Rapid change in landscape cover associated with eastern redcedar (Juniperus virginiana) encroachment in the southern and central Great Plains plays an important role in regional carbon balance. However, complicated land use history, heterogeneity in soil properties and sparse tree canopy cover intrinsic to this process made it a formidable challenge to evaluate carbon stability such as change in soil carbon density and total soil carbon stock as a result of this vegetation cover change. Soil carbon change after a shallow rooted juniper encroaches into a mesic grassland with a relatively deep soil remains a key knowledge gap. We chose six small but adjacent watersheds with similar land use history at central Oklahoma. Currently, three of them are heavily encroached by J. virginiana and the other three remain primarily grass cover. A total of 120 random points were sampled for soil carbon in soil depth: 0 – 2 cm; 2 – 10 cm; 10 – 30 cm.

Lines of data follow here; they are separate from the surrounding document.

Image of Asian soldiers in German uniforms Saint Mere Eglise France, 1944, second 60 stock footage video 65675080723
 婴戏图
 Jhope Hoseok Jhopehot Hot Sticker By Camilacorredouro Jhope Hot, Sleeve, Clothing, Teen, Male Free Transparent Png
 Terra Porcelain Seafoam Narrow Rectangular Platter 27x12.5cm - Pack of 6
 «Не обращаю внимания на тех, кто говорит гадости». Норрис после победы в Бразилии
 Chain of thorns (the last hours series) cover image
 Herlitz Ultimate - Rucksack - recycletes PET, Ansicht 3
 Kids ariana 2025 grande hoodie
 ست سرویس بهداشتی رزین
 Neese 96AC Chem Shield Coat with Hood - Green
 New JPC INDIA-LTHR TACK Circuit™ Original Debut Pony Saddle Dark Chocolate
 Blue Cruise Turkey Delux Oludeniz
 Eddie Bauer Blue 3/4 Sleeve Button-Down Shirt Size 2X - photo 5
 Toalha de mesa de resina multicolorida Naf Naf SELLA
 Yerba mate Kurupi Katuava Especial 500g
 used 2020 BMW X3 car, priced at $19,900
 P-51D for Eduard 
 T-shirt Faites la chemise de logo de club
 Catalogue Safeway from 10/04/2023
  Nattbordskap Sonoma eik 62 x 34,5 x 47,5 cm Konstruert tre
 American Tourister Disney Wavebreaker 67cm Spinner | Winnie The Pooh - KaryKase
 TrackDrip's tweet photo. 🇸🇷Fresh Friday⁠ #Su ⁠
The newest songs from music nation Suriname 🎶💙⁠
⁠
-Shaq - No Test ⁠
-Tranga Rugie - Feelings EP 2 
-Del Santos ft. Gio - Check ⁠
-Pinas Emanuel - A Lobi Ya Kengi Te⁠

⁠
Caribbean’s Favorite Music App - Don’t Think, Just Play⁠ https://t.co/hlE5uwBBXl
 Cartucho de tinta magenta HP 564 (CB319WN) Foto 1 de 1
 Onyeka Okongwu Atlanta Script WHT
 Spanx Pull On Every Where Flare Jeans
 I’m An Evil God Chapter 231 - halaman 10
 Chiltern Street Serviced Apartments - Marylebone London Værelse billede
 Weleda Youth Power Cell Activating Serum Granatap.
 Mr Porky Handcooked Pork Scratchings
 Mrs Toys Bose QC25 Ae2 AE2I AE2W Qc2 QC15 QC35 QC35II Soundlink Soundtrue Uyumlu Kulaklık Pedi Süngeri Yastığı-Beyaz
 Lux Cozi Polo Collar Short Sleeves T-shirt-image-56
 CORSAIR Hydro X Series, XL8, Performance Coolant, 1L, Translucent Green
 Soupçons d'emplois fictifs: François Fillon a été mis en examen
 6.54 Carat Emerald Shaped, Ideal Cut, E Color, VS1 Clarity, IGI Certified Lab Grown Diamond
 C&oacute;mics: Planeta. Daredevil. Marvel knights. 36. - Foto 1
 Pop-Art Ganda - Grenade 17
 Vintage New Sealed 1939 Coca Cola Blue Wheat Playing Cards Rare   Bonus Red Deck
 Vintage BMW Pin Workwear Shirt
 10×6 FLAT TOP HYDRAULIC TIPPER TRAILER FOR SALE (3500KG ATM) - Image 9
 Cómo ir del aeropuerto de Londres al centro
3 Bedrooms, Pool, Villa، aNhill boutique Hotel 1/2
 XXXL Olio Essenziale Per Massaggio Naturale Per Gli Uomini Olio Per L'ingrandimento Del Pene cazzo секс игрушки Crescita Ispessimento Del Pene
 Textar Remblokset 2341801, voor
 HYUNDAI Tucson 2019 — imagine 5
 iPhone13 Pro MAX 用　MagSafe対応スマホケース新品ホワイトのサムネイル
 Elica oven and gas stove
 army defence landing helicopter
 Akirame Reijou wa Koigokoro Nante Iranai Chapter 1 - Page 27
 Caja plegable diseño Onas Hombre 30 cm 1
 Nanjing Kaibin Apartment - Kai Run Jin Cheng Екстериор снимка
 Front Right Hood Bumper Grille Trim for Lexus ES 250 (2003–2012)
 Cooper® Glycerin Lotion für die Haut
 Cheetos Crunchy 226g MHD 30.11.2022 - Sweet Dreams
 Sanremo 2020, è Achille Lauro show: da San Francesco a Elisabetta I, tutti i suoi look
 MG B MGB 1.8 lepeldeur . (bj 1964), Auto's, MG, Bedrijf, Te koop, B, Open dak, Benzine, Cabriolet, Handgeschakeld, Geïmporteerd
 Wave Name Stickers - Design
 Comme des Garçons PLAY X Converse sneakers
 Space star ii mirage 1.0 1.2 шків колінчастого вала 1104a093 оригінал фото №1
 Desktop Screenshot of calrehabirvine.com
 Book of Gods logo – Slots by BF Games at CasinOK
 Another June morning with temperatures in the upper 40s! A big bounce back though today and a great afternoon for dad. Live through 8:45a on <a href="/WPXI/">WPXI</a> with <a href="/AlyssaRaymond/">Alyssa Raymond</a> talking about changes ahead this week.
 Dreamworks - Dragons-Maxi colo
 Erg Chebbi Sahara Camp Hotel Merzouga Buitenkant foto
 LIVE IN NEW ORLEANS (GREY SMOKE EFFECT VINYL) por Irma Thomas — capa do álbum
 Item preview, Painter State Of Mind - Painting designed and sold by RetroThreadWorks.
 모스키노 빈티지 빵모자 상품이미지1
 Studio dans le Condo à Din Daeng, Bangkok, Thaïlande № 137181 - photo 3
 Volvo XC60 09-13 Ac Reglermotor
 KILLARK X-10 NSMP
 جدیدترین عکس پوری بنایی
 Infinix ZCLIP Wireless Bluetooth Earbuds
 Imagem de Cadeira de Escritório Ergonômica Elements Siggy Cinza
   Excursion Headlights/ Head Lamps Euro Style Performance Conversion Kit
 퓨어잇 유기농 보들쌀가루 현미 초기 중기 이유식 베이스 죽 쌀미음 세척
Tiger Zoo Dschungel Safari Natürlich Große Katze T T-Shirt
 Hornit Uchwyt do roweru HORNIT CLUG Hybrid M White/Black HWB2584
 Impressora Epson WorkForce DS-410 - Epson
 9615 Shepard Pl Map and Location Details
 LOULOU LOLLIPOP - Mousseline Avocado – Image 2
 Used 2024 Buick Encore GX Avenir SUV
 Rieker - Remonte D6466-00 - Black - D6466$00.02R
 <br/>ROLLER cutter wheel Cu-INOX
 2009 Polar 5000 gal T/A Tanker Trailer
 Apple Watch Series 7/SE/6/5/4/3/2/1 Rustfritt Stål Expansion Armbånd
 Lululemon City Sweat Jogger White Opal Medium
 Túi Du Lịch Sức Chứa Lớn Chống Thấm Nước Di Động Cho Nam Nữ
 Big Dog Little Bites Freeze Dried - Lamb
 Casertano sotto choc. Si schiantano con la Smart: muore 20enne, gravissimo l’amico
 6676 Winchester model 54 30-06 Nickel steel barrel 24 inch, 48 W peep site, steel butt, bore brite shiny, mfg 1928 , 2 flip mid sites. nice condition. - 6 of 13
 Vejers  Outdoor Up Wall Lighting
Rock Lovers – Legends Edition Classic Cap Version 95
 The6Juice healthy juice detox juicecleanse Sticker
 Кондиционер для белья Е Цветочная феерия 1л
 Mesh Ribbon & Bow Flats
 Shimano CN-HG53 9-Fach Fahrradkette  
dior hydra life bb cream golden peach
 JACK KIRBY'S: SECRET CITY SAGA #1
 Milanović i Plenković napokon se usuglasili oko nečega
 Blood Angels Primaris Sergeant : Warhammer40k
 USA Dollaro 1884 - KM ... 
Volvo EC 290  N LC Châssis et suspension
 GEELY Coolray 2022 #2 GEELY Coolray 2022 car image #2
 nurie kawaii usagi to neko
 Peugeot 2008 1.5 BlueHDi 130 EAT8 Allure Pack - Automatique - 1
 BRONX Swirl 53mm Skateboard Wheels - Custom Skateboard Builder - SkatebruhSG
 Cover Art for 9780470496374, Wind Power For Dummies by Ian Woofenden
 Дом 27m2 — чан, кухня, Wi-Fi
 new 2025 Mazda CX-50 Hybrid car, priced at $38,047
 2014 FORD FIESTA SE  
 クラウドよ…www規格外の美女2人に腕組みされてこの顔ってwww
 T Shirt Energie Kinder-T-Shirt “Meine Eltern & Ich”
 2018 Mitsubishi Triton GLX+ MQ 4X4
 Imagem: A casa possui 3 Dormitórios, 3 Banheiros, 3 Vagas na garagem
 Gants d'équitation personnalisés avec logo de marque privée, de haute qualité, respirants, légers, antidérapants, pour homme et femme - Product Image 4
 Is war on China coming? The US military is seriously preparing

Soil carbon density for individual watershed was calculated two different ways - using each point as a random point to compare encroached and grassland sites or integration of soil type, depth and associated carbon density for individual watersheds to compare carbon density among grassland and encroached watersheds.
Results/Conclusions
Preliminary results showed that soil carbon densities were affected by vegetation cover (p =0.006), soil type (p<0.0001), soil depth (p<0.0001) and the interaction of vegetation and soil depth (p =0.03). Soil carbon density for the depth between 2 – 10 cm was significantly lower in encroached watersheds than in the grassland watersheds (n = 60, p = 0.0009) while there was no difference for 0-2 cm and 10 – 30 cm soil depths. For encroached watersheds, soil carbon density for locations between tree canopies was significantly lower than that under tree canopies in the upper 30 cm (p<0.05) indicating a redistribution of soil carbon within watersheds in response to J. virginiana encroachment. Integration of soil type, depth and associated carbon density for individual watershed suggest that the average soil carbon density for encroached watershed with about 70% J. virginiana cover is slightly but consistently lower than grassland watersheds.